→ **Work to complete**
Would you return exactly the lines from the top of the data below through the one containing "Load image into", leaving out the pictures?

→ **Study material**
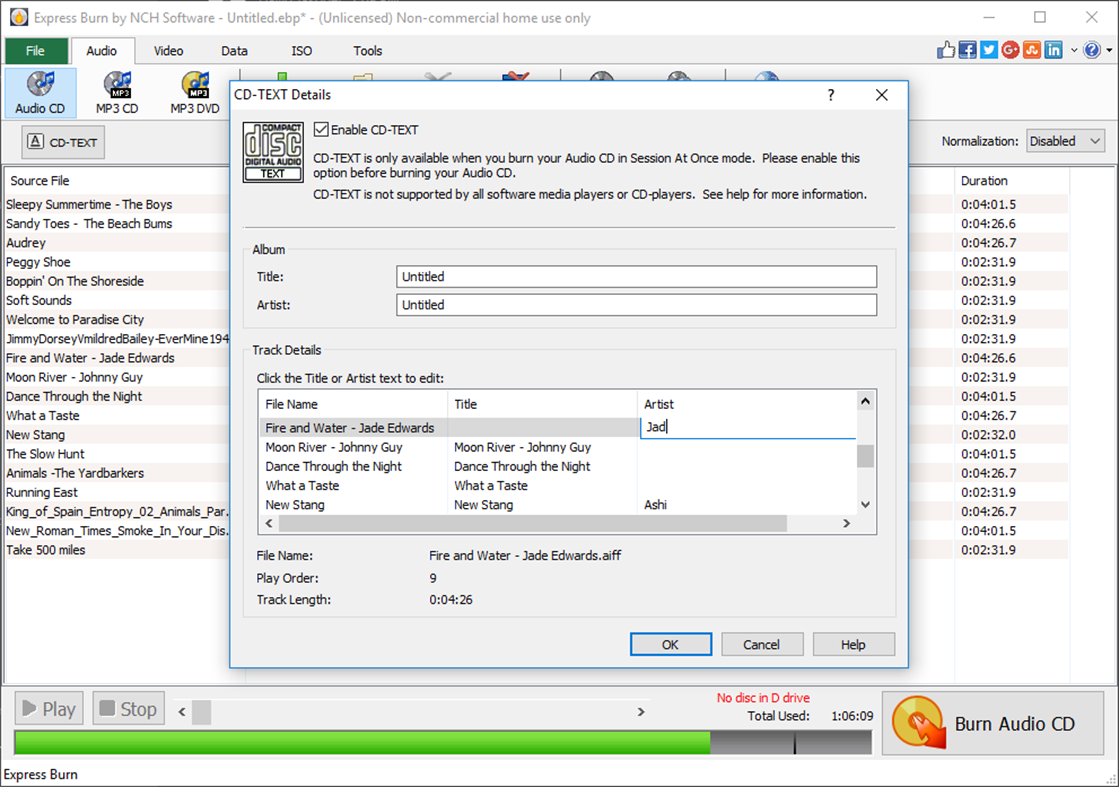 #3. Express Burn CD and DVD Burner (Windows) Ved: NCH Software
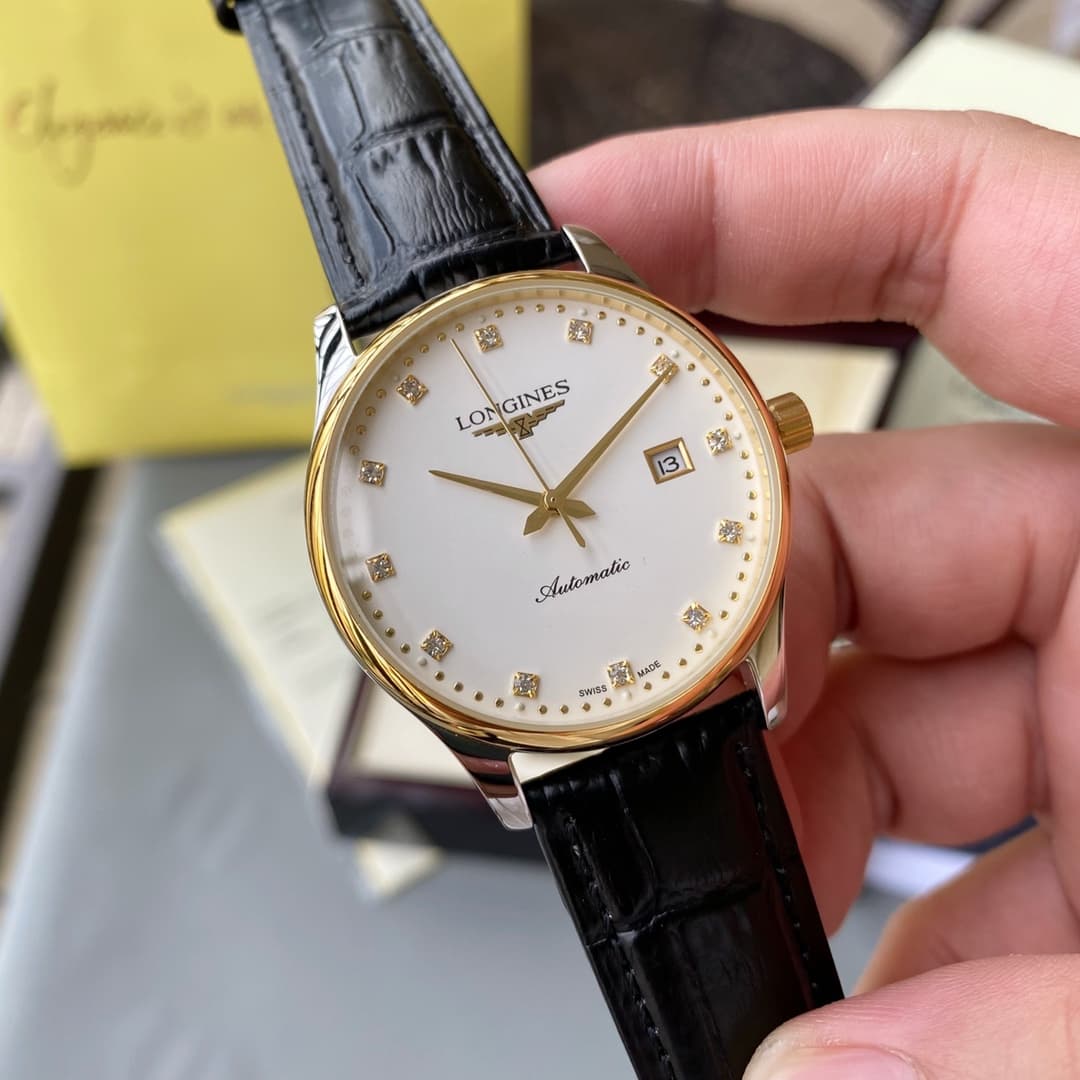 Longines White Watch
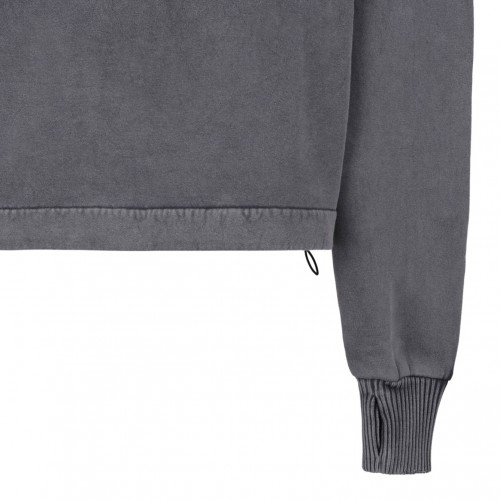 Used Grey Cotton Hoodie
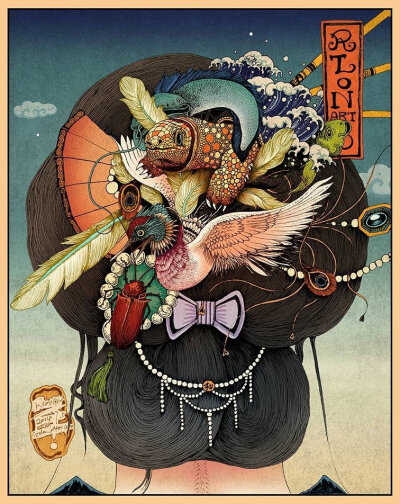 魔幻插画作品~ 作者：Rlon Wang ，中国插画家 ​​​​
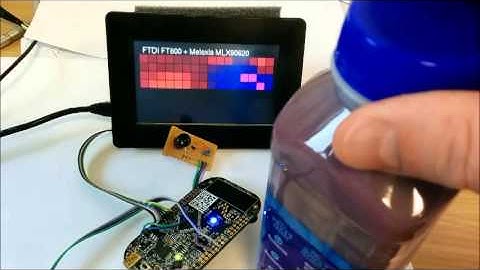 MLX90620 with FTDI FT800 Display controller and MBED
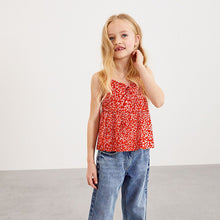 Load image into Gallery viewer, Red Ditsy Tie Front Blouse (3-12yrs)
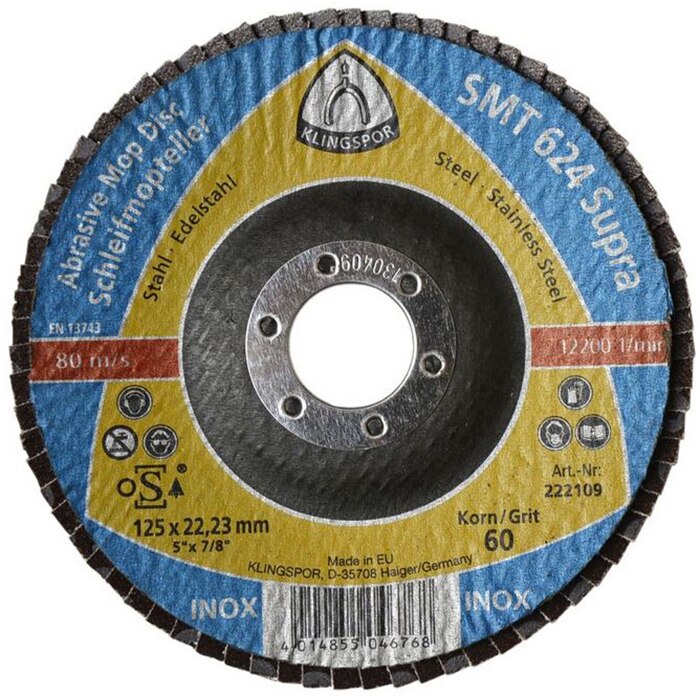 Disc lamelar frontal Klingspor SMT 624 P60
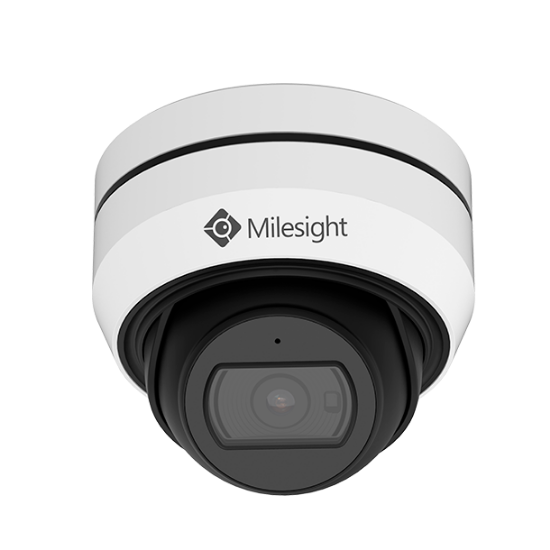 Billede af Milesight 4K AI mini vandal dome kamera, 8MP, 2,8mm, hvid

→ **Your solution**
 #3. Express Burn CD and DVD Burner (Windows) Ved: NCH Software
 Longines White Watch
 Used Grey Cotton Hoodie
 魔幻插画作品~ 作者：Rlon Wang ，中国插画家 ​​​​
 MLX90620 with FTDI FT800 Display controller and MBED
 Load image into Gallery viewer, Red Ditsy Tie Front Blouse (3-12yrs)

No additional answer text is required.